▸ **Brief**
Retype the line where "Esmalte Risqué Cremoso" appears and each line that follows it down to the last line of the records below. Leave the pictures out.

(Source material Opens)

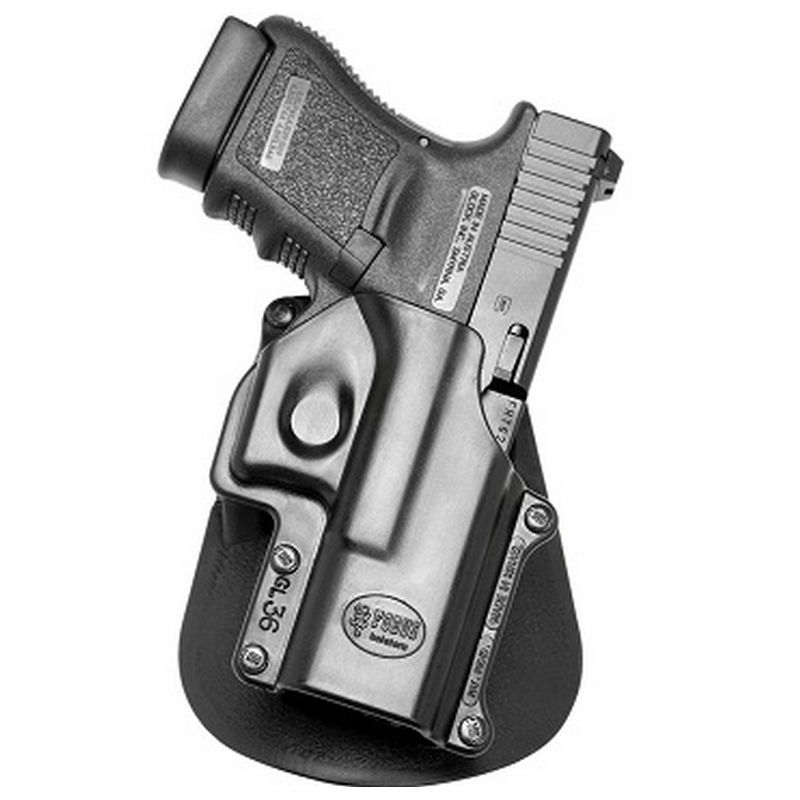 (image for) Fobus Holster - Paddle - RH - GL-36 (Rotating)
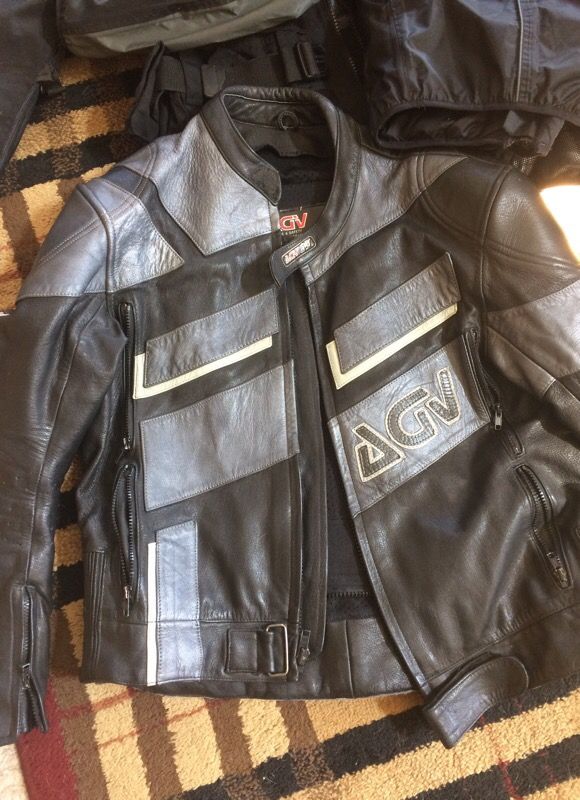 2 nice motorcycle jackets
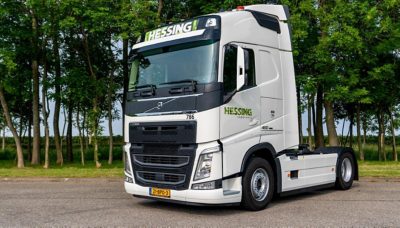 Hessing Supervers over de Volvo FH I-Save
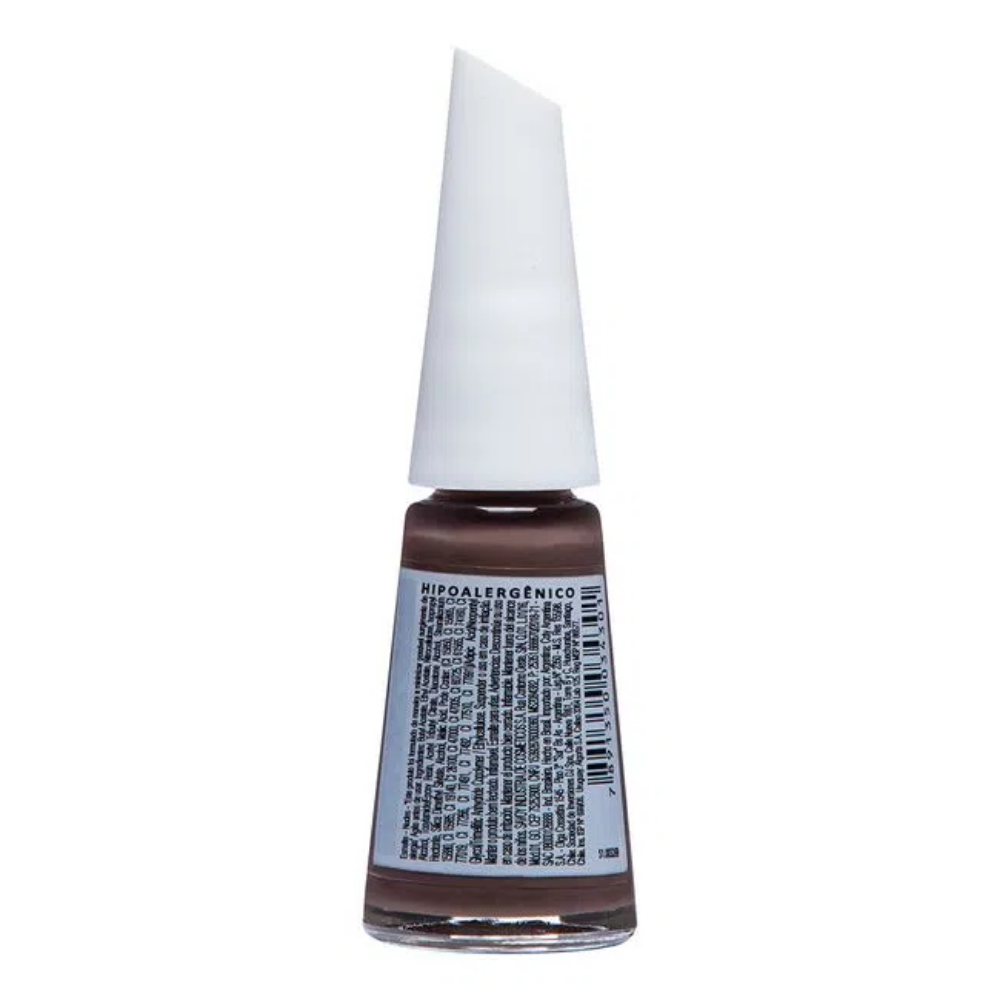 Esmalte Risqué Cremoso Tom Do Meu Tom 8ml - Marrom
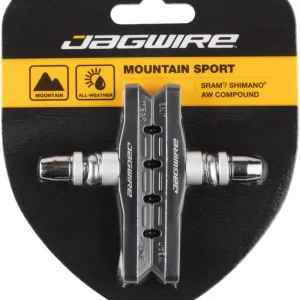 Reduced Price Jagwire Mountain Sport Brake Pads Threaded Post Black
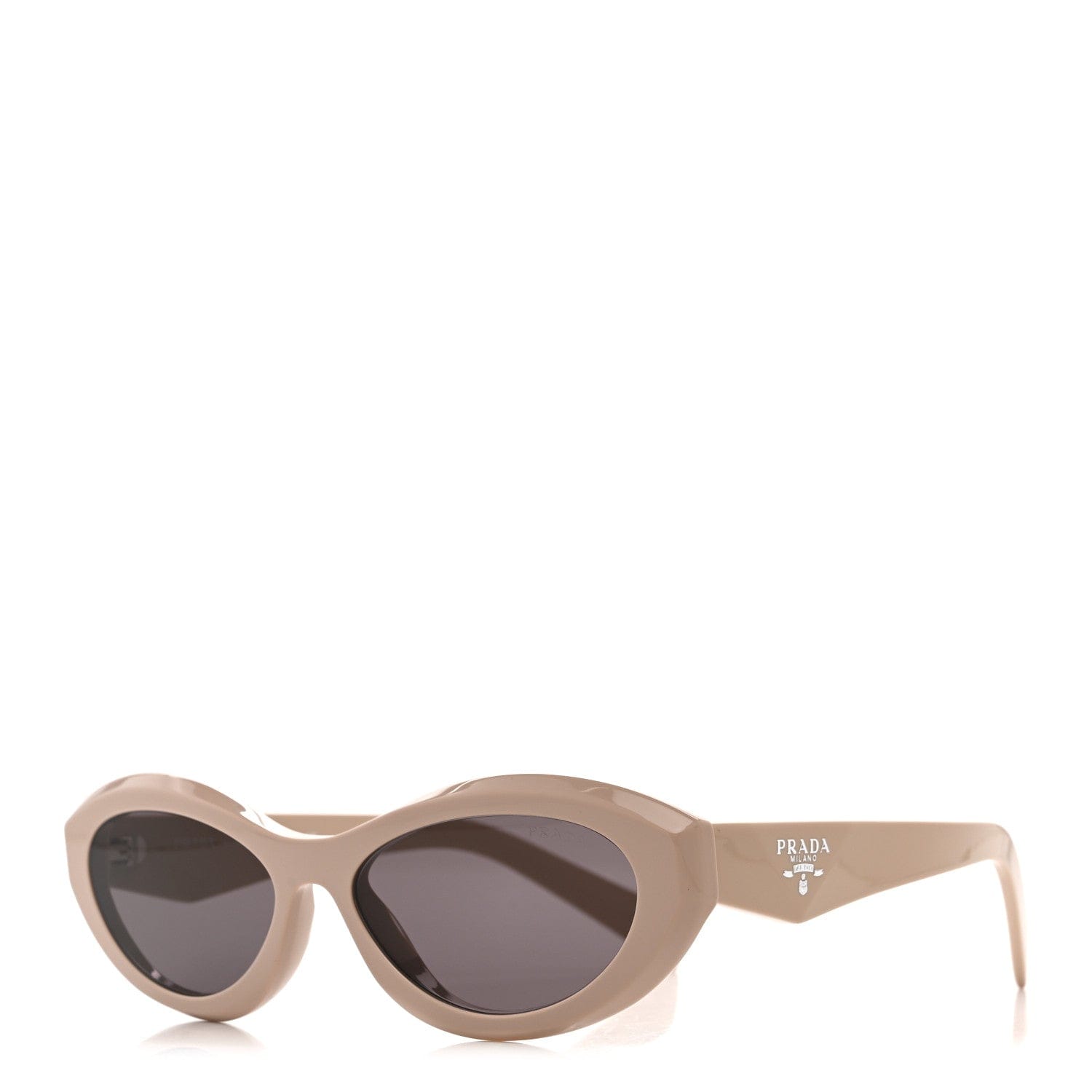 Prada Acetate Oval Sunglasses SPR 26Z Pink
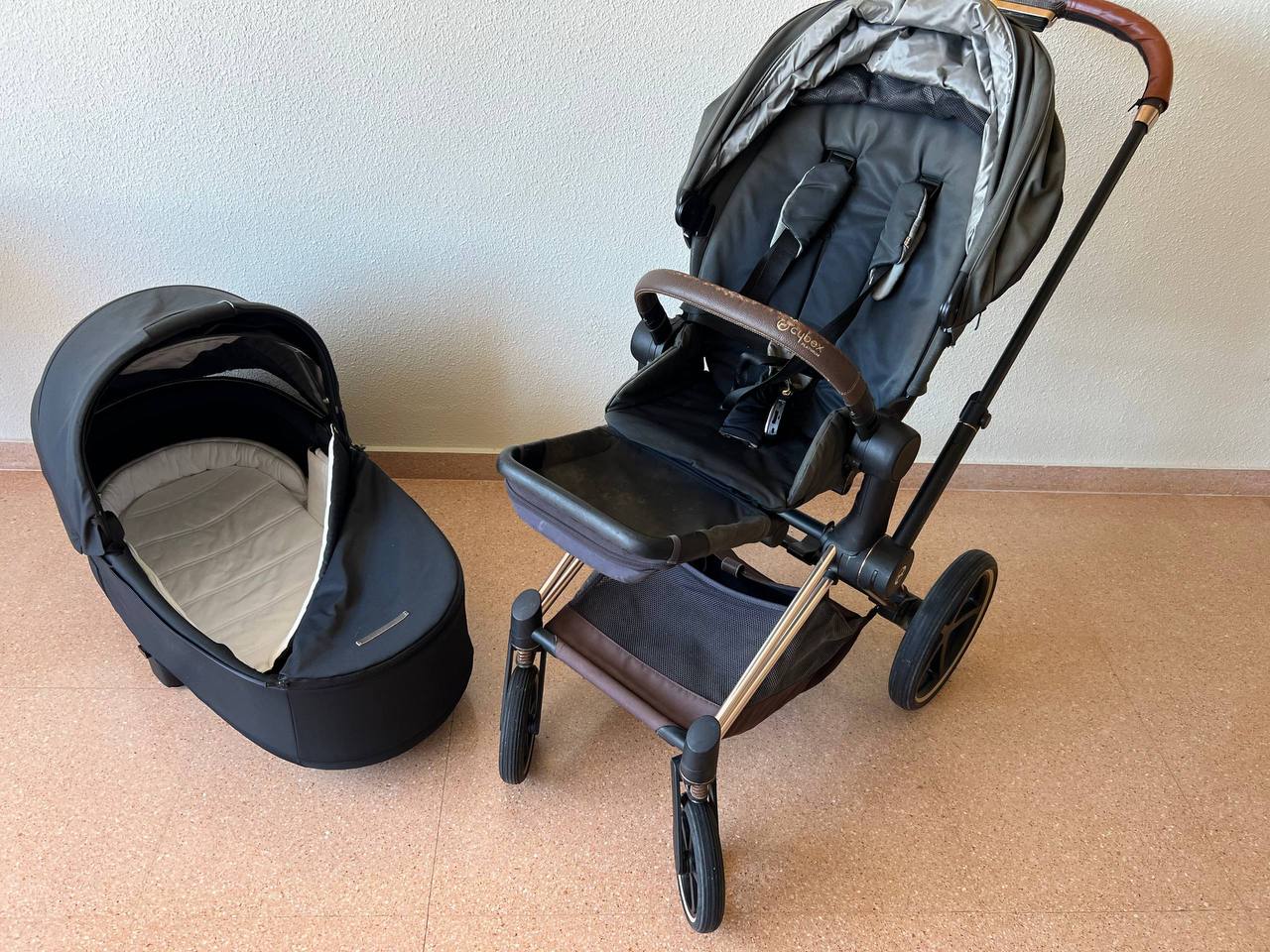 Коляска Cybex Priam 2 в 1 2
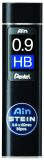 Pentel Feinmine AinStein C279, 0,9mm, Inhalt: 36 Feinminen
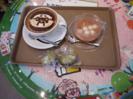 銀座 R25 Cafe 座右の銘カフェ　週限定ラテアート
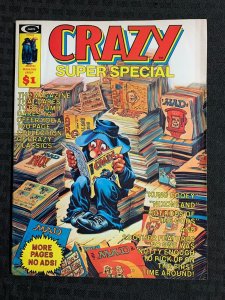 1975 CRAZY SUPER SPECIAL Marvel Parody Magazine #1 VG/FN 5.0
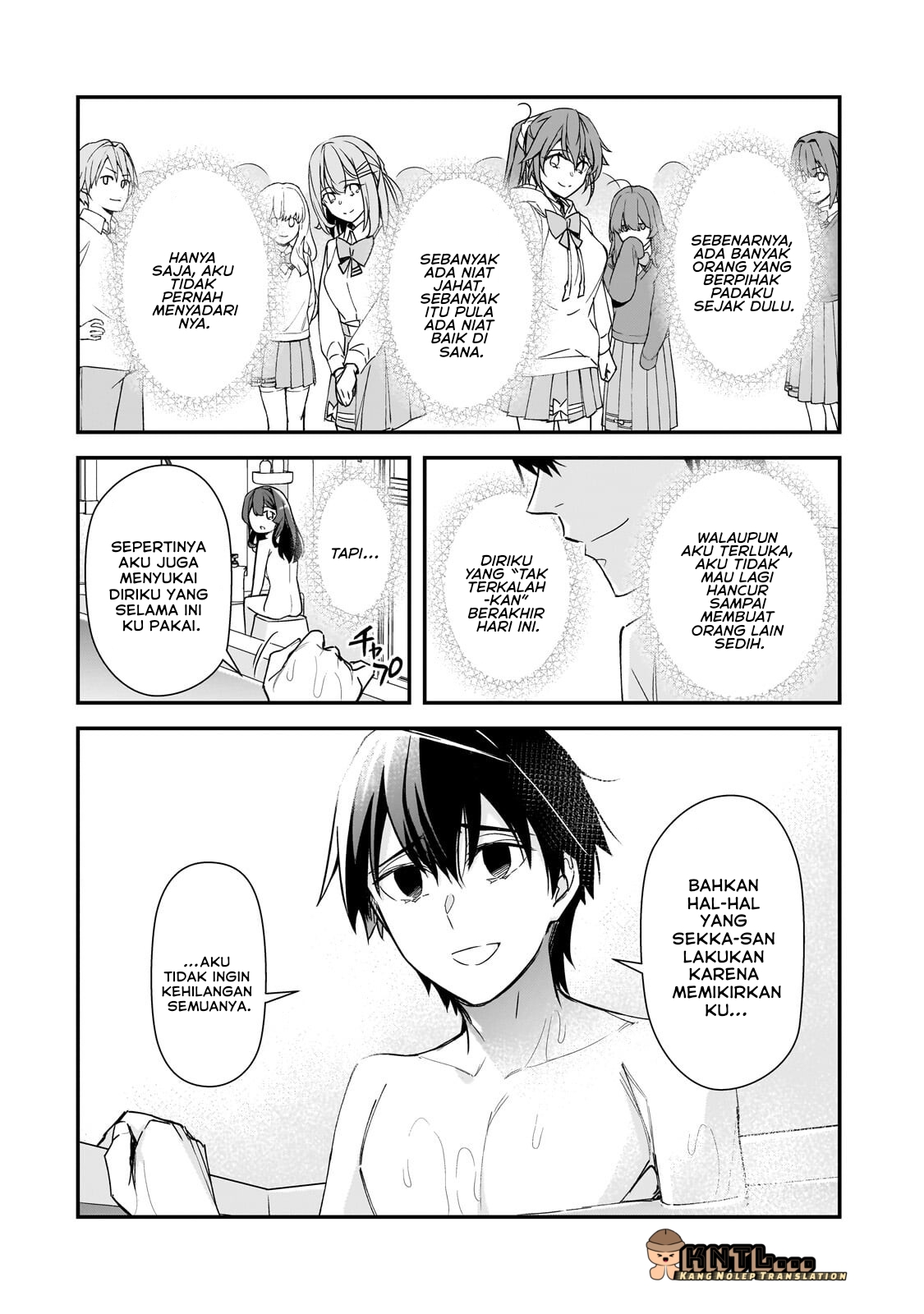 Ore ni Trauma wo Ataeta Joshi-tachi ga Chirachira Mitekuru kedo, Zannen desu ga Teokure desu Chapter 29 - halaman 37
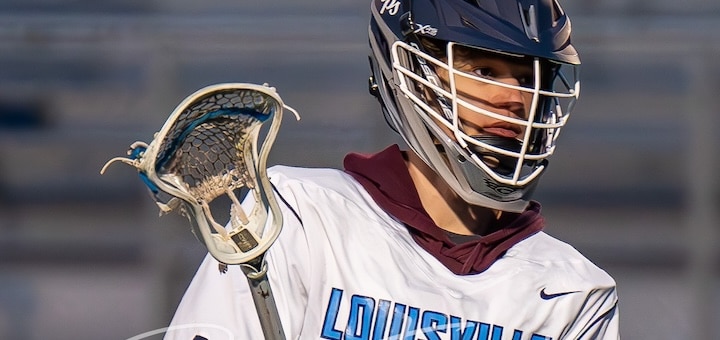 Mason Warner Louisville Leopards Vs. GlenOak Golden Eagles 2025 - Everhart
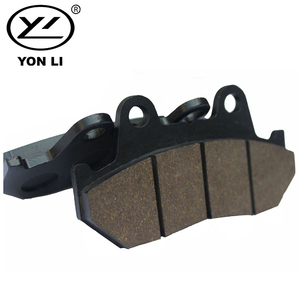 Pastillas de freno delanteras para motocicleta FA69 de alta calidad personalizadas nuevas compatibles con <span class=keywords><strong>Honda</strong></span> XL600V Transalp GB500 VT800C Shadow CMX450 Rebel 4 - Product Image 4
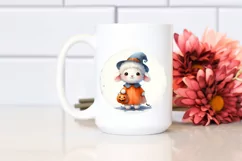 Cute Baby Lamb Halloween PNG Product Image 2
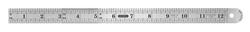 12" Flex Stainless Steel Rule 12" Flex Stainless Steel Rule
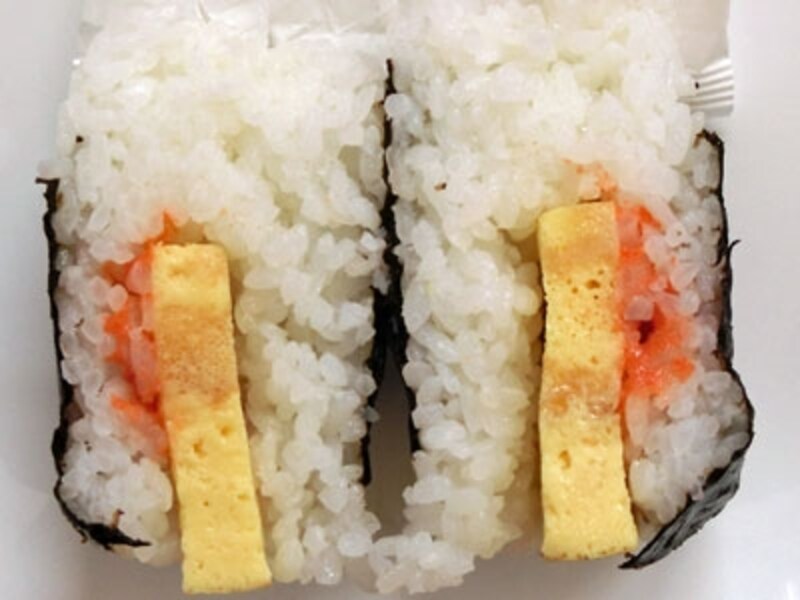 ローソンおにぎり屋新潟コシヒカリおにぎり明太子玉子焼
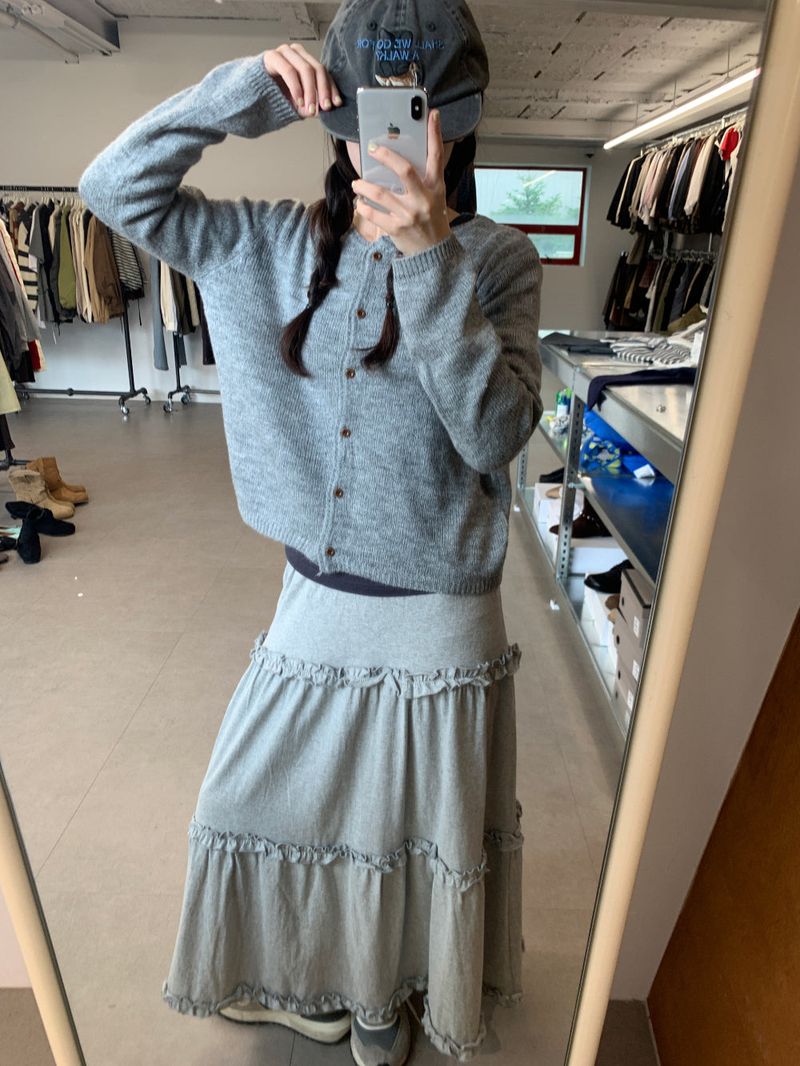 Bane Wool Touch Cardigan (6color)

(Source material Closes)

▸ **Answer area**
 Esmalte Risqué Cremoso Tom Do Meu Tom 8ml - Marrom
 Reduced Price Jagwire Mountain Sport Brake Pads Threaded Post Black
 Prada Acetate Oval Sunglasses SPR 26Z Pink
 Коляска Cybex Priam 2 в 1 2
 Pentel Feinmine AinStein C279, 0,9mm, Inhalt: 36 Feinminen
 銀座 R25 Cafe 座右の銘カフェ　週限定ラテアート
 1975 CRAZY SUPER SPECIAL Marvel Parody Magazine #1 VG/FN 5.0
 Ore ni Trauma wo Ataeta Joshi-tachi ga Chirachira Mitekuru kedo, Zannen desu ga Teokure desu Chapter 29 - halaman 37
 Mason Warner Louisville Leopards Vs. GlenOak Golden Eagles 2025 - Everhart
 Pastillas de freno delanteras para motocicleta FA69 de alta calidad personalizadas nuevas compatibles con <span class=keywords><strong>Honda</strong></span> XL600V Transalp GB500 VT800C Shadow CMX450 Rebel 4 - Product Image 4
 Cute Baby Lamb Halloween PNG Product Image 2
 12" Flex Stainless Steel Rule 12" Flex Stainless Steel Rule
 ローソンおにぎり屋新潟コシヒカリおにぎり明太子玉子焼
 Bane Wool Touch Cardigan (6color)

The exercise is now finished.